The Trials of Lila Dalton
By L J Shepherd
Pushkin Vertigo 352pp £16.99
A junior barrister finds herself in court with no memory of her name, the case she’s involved in or why she’s there. Soon she discovers that her silk has been killed in a car crash and she now has sole responsibility for defending a man accused of causing multiple deaths in a terrorist bombing. The date is apparently 18 November 1996. The judge seems to know too much about her and her opposite number is bursting with arrogance and sexism. Things become increasingly peculiar as she finds that the court is on an island whose only hotel is grim and ill-equipped. Someone seems to be following her, all her telephone calls are tapped or interrupted, and people keep threatening her. There are also hints of supernatural intervention. The well-constructed account of Lila’s nightmare comes across as a howl of frustration at the state of the British legal system. For my taste, it would have been more effective had it been set within a recognisable present and without its woo-woo aspects.
First Lie Wins
By Ashley Elston
Headline 384pp £16.99
A young woman from the wrong side of the tracks has to fight to make her wealthy boyfriend’s childhood friends accept her in this twisty American thriller about identity, manipulation, blackmail and crimes of all sorts. It is impossible to give any further details of the plot, however, without providing spoilers. First Lie Wins is clever, entertaining and fast-moving. The main character, who appears with several different names as the novel moves between her adolescence and the present day, is attractive enough, in spite of her nefarious activities, to make you root for her in her endeavours.
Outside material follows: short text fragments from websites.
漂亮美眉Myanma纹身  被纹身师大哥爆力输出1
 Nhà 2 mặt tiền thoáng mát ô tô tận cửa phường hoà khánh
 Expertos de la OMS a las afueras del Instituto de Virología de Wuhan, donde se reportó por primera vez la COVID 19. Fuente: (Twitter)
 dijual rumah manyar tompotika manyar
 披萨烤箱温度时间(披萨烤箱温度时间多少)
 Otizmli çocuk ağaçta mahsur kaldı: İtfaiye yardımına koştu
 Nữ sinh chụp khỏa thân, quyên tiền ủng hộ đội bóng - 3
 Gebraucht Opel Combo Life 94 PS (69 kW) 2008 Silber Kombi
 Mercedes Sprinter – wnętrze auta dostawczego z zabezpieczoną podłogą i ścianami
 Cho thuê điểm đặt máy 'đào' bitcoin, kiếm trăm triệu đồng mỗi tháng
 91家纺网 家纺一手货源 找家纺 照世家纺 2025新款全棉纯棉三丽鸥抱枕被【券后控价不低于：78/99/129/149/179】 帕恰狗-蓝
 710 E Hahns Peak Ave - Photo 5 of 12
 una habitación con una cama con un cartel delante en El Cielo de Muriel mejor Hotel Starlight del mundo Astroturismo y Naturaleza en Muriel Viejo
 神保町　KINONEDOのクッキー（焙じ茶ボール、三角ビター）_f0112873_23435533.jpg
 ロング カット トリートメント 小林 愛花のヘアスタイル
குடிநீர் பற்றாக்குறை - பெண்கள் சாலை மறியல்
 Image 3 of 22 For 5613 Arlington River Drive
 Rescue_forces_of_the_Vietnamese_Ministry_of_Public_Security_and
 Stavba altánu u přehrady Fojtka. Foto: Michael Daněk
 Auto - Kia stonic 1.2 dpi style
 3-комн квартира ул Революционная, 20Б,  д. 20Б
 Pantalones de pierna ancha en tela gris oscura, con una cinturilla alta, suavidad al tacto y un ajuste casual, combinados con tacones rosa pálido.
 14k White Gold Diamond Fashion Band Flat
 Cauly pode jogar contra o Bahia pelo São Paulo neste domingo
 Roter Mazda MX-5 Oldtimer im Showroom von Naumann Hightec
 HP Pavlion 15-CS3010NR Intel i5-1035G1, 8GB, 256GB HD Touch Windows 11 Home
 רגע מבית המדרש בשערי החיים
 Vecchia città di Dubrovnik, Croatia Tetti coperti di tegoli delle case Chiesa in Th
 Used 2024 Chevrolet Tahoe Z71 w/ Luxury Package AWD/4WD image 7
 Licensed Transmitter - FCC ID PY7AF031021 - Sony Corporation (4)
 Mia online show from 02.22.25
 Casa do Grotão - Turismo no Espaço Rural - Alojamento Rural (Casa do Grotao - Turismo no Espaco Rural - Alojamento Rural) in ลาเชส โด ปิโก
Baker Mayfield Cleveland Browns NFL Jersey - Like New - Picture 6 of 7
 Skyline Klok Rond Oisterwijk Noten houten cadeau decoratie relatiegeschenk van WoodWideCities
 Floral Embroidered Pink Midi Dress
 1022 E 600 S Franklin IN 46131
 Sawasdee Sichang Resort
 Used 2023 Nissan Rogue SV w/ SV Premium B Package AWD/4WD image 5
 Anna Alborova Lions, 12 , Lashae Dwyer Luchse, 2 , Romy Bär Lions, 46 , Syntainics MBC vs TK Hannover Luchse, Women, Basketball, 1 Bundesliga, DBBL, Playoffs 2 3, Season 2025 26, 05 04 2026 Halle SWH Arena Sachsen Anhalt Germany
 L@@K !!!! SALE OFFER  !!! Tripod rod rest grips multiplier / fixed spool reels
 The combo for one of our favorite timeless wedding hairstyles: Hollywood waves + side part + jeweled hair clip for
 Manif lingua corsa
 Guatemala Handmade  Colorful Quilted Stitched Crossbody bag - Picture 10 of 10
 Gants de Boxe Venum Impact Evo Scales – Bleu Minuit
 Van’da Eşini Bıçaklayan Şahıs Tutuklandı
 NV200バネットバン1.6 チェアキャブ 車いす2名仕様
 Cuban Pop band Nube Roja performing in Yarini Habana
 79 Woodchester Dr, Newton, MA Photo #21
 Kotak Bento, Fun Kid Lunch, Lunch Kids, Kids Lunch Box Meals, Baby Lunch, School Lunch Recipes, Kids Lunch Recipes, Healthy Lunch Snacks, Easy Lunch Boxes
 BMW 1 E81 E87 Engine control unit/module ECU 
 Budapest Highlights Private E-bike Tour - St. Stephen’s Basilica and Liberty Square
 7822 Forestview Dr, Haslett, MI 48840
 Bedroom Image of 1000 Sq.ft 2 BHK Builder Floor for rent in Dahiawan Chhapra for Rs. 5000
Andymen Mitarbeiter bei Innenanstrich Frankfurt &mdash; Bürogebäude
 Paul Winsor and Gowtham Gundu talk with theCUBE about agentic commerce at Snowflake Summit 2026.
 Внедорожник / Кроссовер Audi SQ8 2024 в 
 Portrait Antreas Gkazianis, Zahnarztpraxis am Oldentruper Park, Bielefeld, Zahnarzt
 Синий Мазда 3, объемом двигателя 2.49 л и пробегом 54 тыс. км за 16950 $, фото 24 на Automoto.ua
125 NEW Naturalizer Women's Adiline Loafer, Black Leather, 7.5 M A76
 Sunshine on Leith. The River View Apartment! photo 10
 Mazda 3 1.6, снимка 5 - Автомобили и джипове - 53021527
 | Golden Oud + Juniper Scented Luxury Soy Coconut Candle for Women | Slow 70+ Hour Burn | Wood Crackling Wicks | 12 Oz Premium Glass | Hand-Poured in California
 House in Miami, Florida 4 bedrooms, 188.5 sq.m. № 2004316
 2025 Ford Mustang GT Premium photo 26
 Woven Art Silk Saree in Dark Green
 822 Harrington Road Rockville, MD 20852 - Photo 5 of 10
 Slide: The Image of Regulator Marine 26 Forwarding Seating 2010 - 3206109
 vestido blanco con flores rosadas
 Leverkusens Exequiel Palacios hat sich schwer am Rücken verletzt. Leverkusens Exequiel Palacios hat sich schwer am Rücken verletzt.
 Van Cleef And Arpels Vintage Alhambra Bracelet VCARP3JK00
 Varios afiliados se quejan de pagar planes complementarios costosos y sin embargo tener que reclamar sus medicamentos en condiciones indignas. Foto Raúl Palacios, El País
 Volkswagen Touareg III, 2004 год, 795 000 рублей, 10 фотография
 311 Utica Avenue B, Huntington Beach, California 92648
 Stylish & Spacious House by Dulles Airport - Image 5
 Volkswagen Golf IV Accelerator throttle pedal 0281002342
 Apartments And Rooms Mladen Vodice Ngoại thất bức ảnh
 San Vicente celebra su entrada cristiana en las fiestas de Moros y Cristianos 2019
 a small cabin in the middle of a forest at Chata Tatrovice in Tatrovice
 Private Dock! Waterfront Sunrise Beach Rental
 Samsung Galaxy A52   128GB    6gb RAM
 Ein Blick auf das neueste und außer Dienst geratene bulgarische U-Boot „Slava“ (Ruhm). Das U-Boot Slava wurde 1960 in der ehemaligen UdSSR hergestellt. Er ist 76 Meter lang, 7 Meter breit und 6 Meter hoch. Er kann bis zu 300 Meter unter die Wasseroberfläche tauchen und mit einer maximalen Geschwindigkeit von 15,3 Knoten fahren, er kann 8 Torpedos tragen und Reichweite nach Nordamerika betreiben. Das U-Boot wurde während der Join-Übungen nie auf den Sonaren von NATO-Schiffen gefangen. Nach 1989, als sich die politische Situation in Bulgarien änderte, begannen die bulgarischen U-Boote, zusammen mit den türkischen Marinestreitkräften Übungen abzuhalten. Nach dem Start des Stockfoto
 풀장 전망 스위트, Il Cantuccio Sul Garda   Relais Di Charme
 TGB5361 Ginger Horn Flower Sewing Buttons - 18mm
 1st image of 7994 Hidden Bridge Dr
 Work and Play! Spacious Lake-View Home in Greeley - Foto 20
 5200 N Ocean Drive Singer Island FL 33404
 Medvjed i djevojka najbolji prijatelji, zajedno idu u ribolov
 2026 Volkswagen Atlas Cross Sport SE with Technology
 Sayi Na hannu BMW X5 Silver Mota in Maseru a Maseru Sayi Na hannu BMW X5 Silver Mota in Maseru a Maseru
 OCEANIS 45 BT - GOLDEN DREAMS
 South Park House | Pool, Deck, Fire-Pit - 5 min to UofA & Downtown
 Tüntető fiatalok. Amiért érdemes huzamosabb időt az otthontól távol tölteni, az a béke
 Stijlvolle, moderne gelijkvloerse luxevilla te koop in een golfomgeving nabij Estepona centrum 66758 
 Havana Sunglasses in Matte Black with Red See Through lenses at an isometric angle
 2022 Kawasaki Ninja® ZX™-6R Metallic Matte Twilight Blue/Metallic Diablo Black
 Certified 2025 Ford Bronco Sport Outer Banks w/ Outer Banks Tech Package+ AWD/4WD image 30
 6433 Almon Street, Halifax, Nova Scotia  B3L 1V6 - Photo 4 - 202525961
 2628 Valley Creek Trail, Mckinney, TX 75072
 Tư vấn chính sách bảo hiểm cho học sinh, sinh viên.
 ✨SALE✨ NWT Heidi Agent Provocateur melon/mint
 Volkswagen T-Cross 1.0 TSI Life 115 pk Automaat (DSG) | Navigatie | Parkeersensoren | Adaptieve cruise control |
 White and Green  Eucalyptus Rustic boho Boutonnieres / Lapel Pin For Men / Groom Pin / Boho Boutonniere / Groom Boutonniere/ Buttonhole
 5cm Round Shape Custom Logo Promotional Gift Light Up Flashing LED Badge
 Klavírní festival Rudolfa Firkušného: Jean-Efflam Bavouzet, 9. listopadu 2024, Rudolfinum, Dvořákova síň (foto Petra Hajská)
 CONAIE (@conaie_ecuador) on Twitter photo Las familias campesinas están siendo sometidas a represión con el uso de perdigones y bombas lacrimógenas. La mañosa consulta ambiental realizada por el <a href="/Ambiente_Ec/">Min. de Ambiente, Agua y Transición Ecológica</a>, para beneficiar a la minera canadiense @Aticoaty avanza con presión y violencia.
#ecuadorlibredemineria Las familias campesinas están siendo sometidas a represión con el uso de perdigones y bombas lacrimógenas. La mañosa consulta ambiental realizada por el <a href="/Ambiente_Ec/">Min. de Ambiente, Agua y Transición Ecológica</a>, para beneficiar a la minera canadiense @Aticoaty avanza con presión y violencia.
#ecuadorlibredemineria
Knife Skills for Beginners
By Orlando Murrin
Bantam 336pp £14.99
Another stylish cosy crime novel comes from chef and cookery writer Orlando Murrin. He has set it in an upmarket cookery school in Belgravia, where Paul Delamare is persuaded to stand in as teacher by his old friend Christian Wagner. Christian is the more successful and well known of the two, a handsome and charismatic TV chef, but he has broken his arm and therefore cannot demonstrate the finer points of chopping and baking. When Christian is murdered, Paul finds his body and soon becomes the chief suspect. In between explaining himself to the police and providing alibis, he carries out his own investigation, which ends in a magnificently silly and violent battle in the basement kitchen. Colourful, entertaining and full of social observations, the account of Paul’s odyssey also has some moments of genuine emotion.
The Winter Visitor
By James Henry
riverrun 416pp £20
Police procedural novels can suffer from over-research and overfamiliarity, but James Henry brings a welcome individuality to this novel, which is set in Essex in 1991. Years earlier, Bruce Hopkins escaped drugs charges by fleeing to the Costa del Sol. Now he has returned home after receiving a letter from his wife forgiving him for everything and begging to see him again before her terminal illness worsens. We soon discover that she didn’t write it and is in the best of health. When he is found dead, the local police pick their way through his background and the clues to uncover a neat (and cruel) conspiracy and an understandable desire for vengeance. The roots of the revengers’ rage become clear early in the novel, and the ramifications are convincing and distressing. The police characters are appealing, and the misery and hatred are lightened with humour wherever possible.